So for all of you who read about how BM was out of town and was not going to make it back on time for my bf to pick up his daughter, I have some more updates as my Saturday update was just quick and brief. So here it goes, BM did have a spare tire on her car when my bf arrived so at least that part was true. Her details of what happened/when they happened conflicted, but whatever at least he ended up getting his daughter and we ended up getting an extra overnight in exchange for her being late. My bf believes since he did not tell her it was okay to switch weekends that she waited until the morning of pick up to drive back from the state she grew up in that morning which is 11-12 hours away and left that morning since he did not agree to it. Which if that is what happened is extremely selfish to have a 3 year old in the car for that many hours straight, from wake up to basically bed time because BM did not want to do what was best for the child. Anyway, when my bf picked her up, we fed her a good dinner (only had snacks all day apparently) and let her stay up to play about 40 minutes later than when we put her to bed because we feel bad she was in the car all day. We know at least she was from 9 am - 6 pm according to what BM told bf. 

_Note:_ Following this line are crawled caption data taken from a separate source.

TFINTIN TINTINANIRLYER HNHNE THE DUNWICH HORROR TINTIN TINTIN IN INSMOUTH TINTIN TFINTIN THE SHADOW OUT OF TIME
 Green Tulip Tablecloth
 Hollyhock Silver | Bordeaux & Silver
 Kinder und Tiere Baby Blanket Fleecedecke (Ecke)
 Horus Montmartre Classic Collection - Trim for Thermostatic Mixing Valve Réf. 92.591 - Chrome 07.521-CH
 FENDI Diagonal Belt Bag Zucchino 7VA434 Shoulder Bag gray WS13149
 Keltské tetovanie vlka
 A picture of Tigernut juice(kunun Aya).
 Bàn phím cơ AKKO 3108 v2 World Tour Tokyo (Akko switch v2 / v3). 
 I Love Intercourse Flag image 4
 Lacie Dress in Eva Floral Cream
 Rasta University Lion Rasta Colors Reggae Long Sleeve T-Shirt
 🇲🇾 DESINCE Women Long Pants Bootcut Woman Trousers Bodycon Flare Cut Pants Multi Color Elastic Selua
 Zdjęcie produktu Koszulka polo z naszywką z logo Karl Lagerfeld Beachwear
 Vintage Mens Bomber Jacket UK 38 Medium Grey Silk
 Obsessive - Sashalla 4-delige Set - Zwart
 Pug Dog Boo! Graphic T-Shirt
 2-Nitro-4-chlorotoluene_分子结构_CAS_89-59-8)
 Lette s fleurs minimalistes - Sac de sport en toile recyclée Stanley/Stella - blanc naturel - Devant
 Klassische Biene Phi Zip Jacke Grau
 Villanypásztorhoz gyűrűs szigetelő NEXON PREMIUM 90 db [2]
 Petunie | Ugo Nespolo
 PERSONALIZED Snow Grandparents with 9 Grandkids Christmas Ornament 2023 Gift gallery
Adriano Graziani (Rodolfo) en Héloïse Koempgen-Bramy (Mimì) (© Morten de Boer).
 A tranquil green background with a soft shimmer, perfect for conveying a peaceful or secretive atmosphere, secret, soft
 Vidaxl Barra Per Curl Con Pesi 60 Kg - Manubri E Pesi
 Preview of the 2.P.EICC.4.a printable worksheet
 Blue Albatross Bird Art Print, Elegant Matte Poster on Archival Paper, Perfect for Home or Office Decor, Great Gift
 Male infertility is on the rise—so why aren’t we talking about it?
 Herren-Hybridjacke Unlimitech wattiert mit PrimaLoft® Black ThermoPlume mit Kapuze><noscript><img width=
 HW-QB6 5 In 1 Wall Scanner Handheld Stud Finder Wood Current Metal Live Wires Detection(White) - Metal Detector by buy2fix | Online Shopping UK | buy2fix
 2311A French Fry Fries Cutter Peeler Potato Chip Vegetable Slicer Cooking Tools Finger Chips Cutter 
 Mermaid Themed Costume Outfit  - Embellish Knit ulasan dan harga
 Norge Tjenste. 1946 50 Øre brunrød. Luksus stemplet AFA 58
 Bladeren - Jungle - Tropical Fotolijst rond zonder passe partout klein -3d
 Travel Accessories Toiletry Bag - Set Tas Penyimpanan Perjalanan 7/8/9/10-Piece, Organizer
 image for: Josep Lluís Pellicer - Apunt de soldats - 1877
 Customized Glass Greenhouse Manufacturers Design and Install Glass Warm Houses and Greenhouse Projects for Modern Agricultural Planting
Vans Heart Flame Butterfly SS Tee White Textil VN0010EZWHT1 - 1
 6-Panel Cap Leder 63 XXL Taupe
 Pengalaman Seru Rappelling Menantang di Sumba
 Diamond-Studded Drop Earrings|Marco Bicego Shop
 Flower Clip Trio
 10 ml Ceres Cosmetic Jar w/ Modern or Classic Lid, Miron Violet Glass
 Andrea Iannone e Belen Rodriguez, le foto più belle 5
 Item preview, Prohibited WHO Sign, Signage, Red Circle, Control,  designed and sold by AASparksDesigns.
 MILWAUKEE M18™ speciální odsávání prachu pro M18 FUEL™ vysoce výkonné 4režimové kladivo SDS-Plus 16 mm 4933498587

In addition to his daughter telling us BM took her older daughter to her grandmas house 11-12 hours away and leaving her with the grandma, she also said that *older child* got a surprise from BM and she did not get anything. For the last 3 months, it has been coming across that BM has been giving her older child preferential treatment over her younger child. BM the last 3 times has sent the child in clothing that is the older sister's size, shoes a size or two too small, and telling of her older sister getting things, but her getting nothing. Yes, it is BM's house and she can do whatever she wants, and yes the older child does not have my bf in her life anymore, but that is BM's choice, but it doesn't upset me any less to see bf's daughter getting shafted in just ways we notice. 

Also, bf's daughter said BM said *sister's* daddy is far far away. Whatever the fuck that means. I don't know if that means 1. BM knows who the dad is then, 2. BM is just saying this to give somewhat of an answer to the older child, or what that really means. 

I told bf maybe she is starting to get all her stuff back in order to move back home like she said she was going to and once everything is finalized in January she is going to do that. Although, she can't just do that, it would need to be addressed at the trial or go back to court right after leaving court. Not sure what angle she is playing or if she just really thinks she is above a court order or something. 

After bf told me about the older child being left with the grandmother so far away, he was bothered and was like she fought me to get her all to herself, just to drop her off far away, what was the point? I said I think she just wanted to "win" and wants to be spiteful. I also told him, we need to work on caring less and less what she is doing with older child as it is out of our hands completely. He got a little hurt by me saying that I think because he told me how I want him to tell me everything, but then he tells me everything and I say that. I tried to explain to him how yes I do want to know things, but it is not going to help either of us to focus so much on things we can't control and that is now BM's business only. I tried to talk to him further about it, but he didn't want to, so I think it kind of hurt, but he also realized the truth behind what I said.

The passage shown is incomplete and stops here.